先日、シンガポール出身のアーティスト、ホー・ツーニェンの展示?『ヴォイス・オブ・ヴォイド』を山口情報芸術センター(YCAM)に観に行って、ここにはその感想が書かれています。

当該URLは以下の通りです。

www.ycam.jp

 

ちなみに来場者はまばらでしたが確実にいて、若い人が多かったです。

アニメーションの話

 現代アートに全く詳しくないのでこれは完全に素人の好みなのですが、いわゆる「現代アート」を観る時は、作品(作者が反作品の立場なら表現という言葉で置き換えてもよい。反作者の立場なら同様に「作者」という語を適当な語に置き換えてもらってかまわない)が自身のコンセプトを乗り越えてしまうようなところのある作品がすきです。そこに現れているもの(表象、現前性、物質性、メディウムなどについて気になる人は各自適当な語に置き換えてもらってかまわない)がコンセプトに解消されてしまうようなものなら普通に文章を書いたり、己の主張に従って何らかの活動をすればよいのでは?という考えがよぎってしまうからです。

 

 (これは私が身体性を重視していることを仄めかしていますが、別に私は身体性を無垢に全肯定しているわけではありません。ボリス・グロイスの『英雄の身体』をひくまでもないことですが、身体(性)の称揚や反理論的立場がしばしば危険な思想を伴うことはあります。けれども原則的に、多くの表現行為はその結果としての物質およびその運動やそれをとりまく環境との関係において身体(少なくとも脳)に作用することは間違いありませんから、やはり私は一人の観客としてはそういった部分を重視することになります。例えばライブがどこで行われているのか、どういったコンテクストでおこなわれているのかは演奏自体のクオリティとはまた別個の観点で私の体験に確かな影響を与えます。)

 

 今回の展示は、例えば京都学派と戦争というコンセプトを見出すことができるでしょうが、その他にも様々な仕掛けが施されていて、なにより体験として楽しかったです。これには私が本展覧会が人生最初のVR作品体験だったということがあるのかもしれませんが、何事にも「初めて」はあるので許して頂きたいと言ったところです。

 

 真っ暗な通路を抜けるとまず巨大なスクリーンと、その前にもう一つ透過スクリーンがあり、階段状の客席が左手に見えてきます。入口の係の方に説明されましたが、この展示には計6つのアニメーションとVRの展示があり、各アニメーションは約7分、VRは40分程度でおおよそ全てを把握できます(私は特にVRの部分が、作品全体を観客に全部観てもらうことを意図していないと感じましたが、それは後で)。とりあえず、透過スクリーンのすぐ前の席に座りました。

 

 正直最初から感動していました。YCAMのスタジオAが誇る音響技術によって、観客はイヤホンをしていないにも関わらずASMRのようなウィスパーヴォイスのナレーションを聴くことになります。全てのアニメーションのループは同期されており、動画が始まる度、一斉に「この作品に声を貸して下さることに感謝します。」の声が近くから、遠くから聴こえてくることになります。その後もしばしばナレーションは同期するのですが、当然各アニメーションの内容は異なるために音声は3次元的な感覚を伴ってずれていきます。

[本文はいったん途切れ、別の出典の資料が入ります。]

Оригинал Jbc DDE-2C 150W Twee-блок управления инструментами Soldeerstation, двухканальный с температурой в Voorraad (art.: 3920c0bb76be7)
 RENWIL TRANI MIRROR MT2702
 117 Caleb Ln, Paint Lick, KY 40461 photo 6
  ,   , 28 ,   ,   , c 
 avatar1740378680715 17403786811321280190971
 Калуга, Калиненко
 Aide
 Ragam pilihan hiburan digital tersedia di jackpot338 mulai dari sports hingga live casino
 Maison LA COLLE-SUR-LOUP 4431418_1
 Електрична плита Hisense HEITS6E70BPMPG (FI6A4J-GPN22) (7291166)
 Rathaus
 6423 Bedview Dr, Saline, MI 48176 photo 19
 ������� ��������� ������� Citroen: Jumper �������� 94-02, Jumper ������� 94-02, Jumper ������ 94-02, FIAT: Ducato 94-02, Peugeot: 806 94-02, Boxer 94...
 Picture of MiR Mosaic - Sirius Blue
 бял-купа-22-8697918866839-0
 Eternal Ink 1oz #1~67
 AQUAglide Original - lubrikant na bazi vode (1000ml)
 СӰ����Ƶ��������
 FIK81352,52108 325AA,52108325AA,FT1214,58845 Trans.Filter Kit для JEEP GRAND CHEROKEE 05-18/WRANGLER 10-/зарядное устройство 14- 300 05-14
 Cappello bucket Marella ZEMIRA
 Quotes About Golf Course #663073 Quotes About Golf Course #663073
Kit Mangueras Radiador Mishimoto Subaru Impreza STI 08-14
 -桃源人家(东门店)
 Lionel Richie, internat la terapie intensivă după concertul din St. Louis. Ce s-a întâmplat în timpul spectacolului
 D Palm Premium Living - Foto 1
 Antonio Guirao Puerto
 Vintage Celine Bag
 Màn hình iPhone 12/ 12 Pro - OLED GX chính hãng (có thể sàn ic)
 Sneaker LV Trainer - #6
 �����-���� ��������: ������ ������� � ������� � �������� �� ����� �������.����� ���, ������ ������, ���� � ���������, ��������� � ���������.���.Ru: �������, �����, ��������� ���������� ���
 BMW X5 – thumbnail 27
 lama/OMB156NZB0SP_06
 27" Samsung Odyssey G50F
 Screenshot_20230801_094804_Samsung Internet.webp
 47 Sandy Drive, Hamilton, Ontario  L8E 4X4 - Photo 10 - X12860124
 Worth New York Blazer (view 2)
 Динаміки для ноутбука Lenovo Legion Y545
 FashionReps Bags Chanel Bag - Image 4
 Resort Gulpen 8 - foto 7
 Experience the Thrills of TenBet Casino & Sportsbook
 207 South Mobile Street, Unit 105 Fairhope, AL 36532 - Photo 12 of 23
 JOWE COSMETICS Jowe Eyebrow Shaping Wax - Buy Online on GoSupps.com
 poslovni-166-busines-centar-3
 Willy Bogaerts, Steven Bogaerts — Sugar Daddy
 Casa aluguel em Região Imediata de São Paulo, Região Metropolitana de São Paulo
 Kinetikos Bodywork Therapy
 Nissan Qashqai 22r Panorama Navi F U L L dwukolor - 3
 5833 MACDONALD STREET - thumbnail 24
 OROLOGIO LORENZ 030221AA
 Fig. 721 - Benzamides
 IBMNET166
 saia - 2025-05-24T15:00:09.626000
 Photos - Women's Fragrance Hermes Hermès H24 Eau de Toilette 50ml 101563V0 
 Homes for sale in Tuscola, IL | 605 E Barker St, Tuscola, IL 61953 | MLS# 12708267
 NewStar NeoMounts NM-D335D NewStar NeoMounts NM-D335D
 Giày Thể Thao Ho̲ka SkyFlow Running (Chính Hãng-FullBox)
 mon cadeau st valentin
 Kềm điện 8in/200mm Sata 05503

 この「同期=同一性とずれ」というモチーフが展示の全体を駆動するエンジンのような役割を果たしているように感じました。透過スクリーンには京都学派四天王(西谷啓治高坂正顕高山岩男鈴木成高)の3DCGモデルが食事を囲んで座っているのですが、部屋は描き込まれておらず、後ろのスクリーンで上映されている西田幾多郎が好んで使っていた料亭(名前を忘れてしまった……)が透過する結果彼ら4人がその料亭にいるかのように見えます。この2つのコーナーは後のVRで「茶室」として再登場します。
 

 各アニメーションでは、最後のVR作品で聴くことのできる彼らの文献や講演に関する説明とそれに関係する情報が日本語のナレーションと共に得られます(字幕は日英)。内容はおのおの観て聴いて頂くとして(おい)、とくに印象に残ったところを列挙していきます。

 

 ・これは意識してそうしたのかは分からないことですが、西田幾多郎のスクリーンでは字幕が固定されたまま畳の床を回転するように撮られた部分があり(もしかしたら壁だったかもしれない)、そこで若干めまいというか酔いのようなものを感じました。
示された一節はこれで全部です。